Why Private Label
Private label products are the answer to dwindling profit margins and saturated markets. Developing your own private label product line allows you to sell products with unique attributes at a higher margin, all while building your own brand equity. With the progressive transition to ecommerce, having a unique product and brand to offer the consumers is essential. Without it you are just offering the same products as the next guy, and eventually, that becomes a race to the bottom.
Often times I have clients that start a private label program, and then look to hire someone to fill the role. This is not as easy of a task as you might think. There are a variety of skills you need to be efficient when developing products. It’s a position that takes both analytical skills and creative skills. Typically, people lean one way or another. There are degrees of involvement for each product you are working on. Some projects are ground-up productions where every detail needs to be attended to, and other projects are just aesthetics and branding.
It’s Not That Easy
Over the years I have had the opportunity to develop a lot of products for the motorcycle industry. It is usually one of the more fulfilling parts of the job, but it can also be one of the most frustrating. The frustration comes from people that have never really developed a product and their ability to think that it is a “fun” and “cool” job. Developing products for clients is one of the more enjoyable parts of the job, yes, but it not as easy as people tend to think. Imagine a highway filled with huge potholes and you are travelling at 80 MPH. If you don’t know where those potholes are, you are going to hit one, and when you do it is going to cost you and your client. Developing the product is a small part of the task. First you need to be creative enough to come up with a product that is unique. You need to negotiate tooling and you need to have a trustworthy source to produce the product. You need to know the manufacturing capabilities and understand the processes used to make a variety of products. You need to know how to engineer the product so it won’t fail. You need to know how to create the packaging and what the branding guidelines are. You need to understand what the steps are to legally protect the product. What are the required warnings and notifications that need to be on the packaging? What information do you need to maintain records on? You need to know how to do the pricing analysis. Who are you competing against? How does this effect the products in your current assortment? What are the risks and what do you need to do to avoid those risks? Is the product going to sell when it is completed? What is the best way to get it into the market? Can you effectively communicate the benefits of your product vs everything else that is on the market?… and it goes on and on….
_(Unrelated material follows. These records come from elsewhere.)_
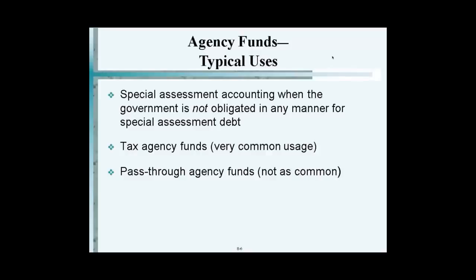What are special assessments? You have a couple of property owners on a block. The sidewalk is just shot — there's no sidewalk. They go to the town and say, would you do this for us? The town says, yes, we'll do it for you, but you'll have to pay for it. They say, let's pay for it over the next 30 years so it can be more affordable. That's called a special assessment.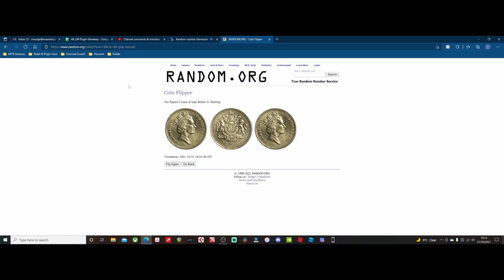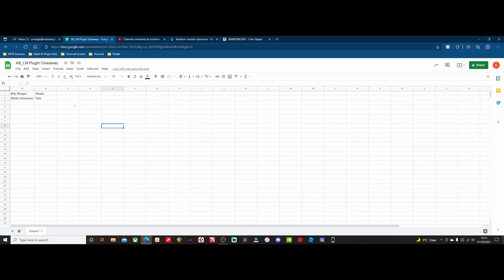We have two heads! So the winner of the ABLM2 plugin is Billy Morgan. Congratulations Billy, you are the winner of our 1K subscriber plugin giveaway competition. A copy of the ABLM2 plugin will be winging its way to you very soon — I'll be in touch just to clarify email details so we can get that over to you.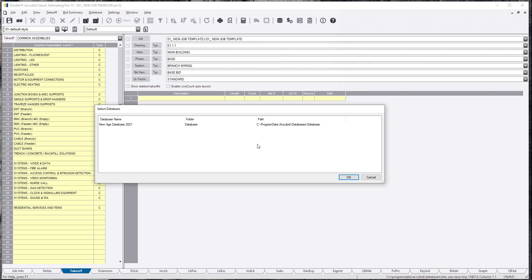So if you have multiple databases, maybe you have different locals in your shop or you might have, like in healthcare, you might have a building database just specifically for that building. So the estimators know they click that building, they got the right wire, back boxes, devices. You can be pretty thorough with multiple databases if you've got a shop that does different buildings and stuff like that.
Going After the Wrong Candidates
I remember working for a company and I had a team member that had been working at that company for a long time. This employee was good at their job and they had sufficient experience in that job to identify and avoid some of those potholes I previously mentioned. After some terrible decisions at the top level, they decided to leave the company. When I heard the news, I remember trying to explain to my boss what an issue this was. My boss (who will remain nameless because I actually like the guy) told me that everything was going to be fine. “We are going to hire an MBA for that position.” I didn’t know how to respond….speechless.
I have nothing against education, but companies need someone that understands the industry we serve. I have hired literally hundreds of people over the years and every single time we hired someone solely based on education, it was a complete failure. The two main contributing factors for the failure was the person did not know our customer or the culture, and they felt like they were entitled to have everything done for them because they had a degree. If you are going to hire someone, make sure they participate in the activity you serve. Would you hire an auto mechanic to do your heart surgery? Then why are you hiring a person that has never even ridden a motorcycle to develop your motorcycle products? Sounds crazy, but there are numerous examples of this in the industry today.
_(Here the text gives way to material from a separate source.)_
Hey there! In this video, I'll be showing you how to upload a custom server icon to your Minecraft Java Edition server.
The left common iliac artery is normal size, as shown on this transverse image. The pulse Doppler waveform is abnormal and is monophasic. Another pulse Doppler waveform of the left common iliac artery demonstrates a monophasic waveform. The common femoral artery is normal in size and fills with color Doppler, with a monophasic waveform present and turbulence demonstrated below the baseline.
Innovation rarely comes from spectators. Innovation comes from people participating in the activity.
The best products solve a problem. Simply put, you cannot find those problems if you are not participating in the activity. If you want to hire someone to develop hiking products, hire someone that loves to go hiking! It’s not very likely that a professional bowler is going to develop the newest hiking product. Typically, the pro bowler is going to develop a new bowling ball, or bowling bag, wrist brace, or whatever.
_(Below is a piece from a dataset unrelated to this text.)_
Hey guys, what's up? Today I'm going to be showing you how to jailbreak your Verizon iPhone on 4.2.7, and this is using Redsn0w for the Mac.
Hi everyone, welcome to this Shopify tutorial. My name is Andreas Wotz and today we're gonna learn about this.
Knowing this, I tend to recognize issues I have when I am using products while enjoying what I love.
One of the items I created in the past was a simple tie-down with a carabiner on one end for KTM. We used to ride in some areas where just getting there was part of the adventure. All of the tie-downs in those days had hooks, and when you have 3 bikes in the back of your truck and you are driving through ditches and over logs, those hooks would pop-off the mounts. This only happened a few times before I decided there had to be a better way. So, I developed the first tie-down with a carabiner. KTM sold (and is still selling) tons of these. Since then, the product has been copied numerous times. We never patented the idea, but I probably should have. The point is, I would have never recognized the need if I wasn’t participating in the activity.
Make sure you hiring the right person for the job. If you can take the time to find someone that has education, experience, and participates in the activity your company serves, you are going to see good results. Participation is just as important as education in this industry. It’s a must have.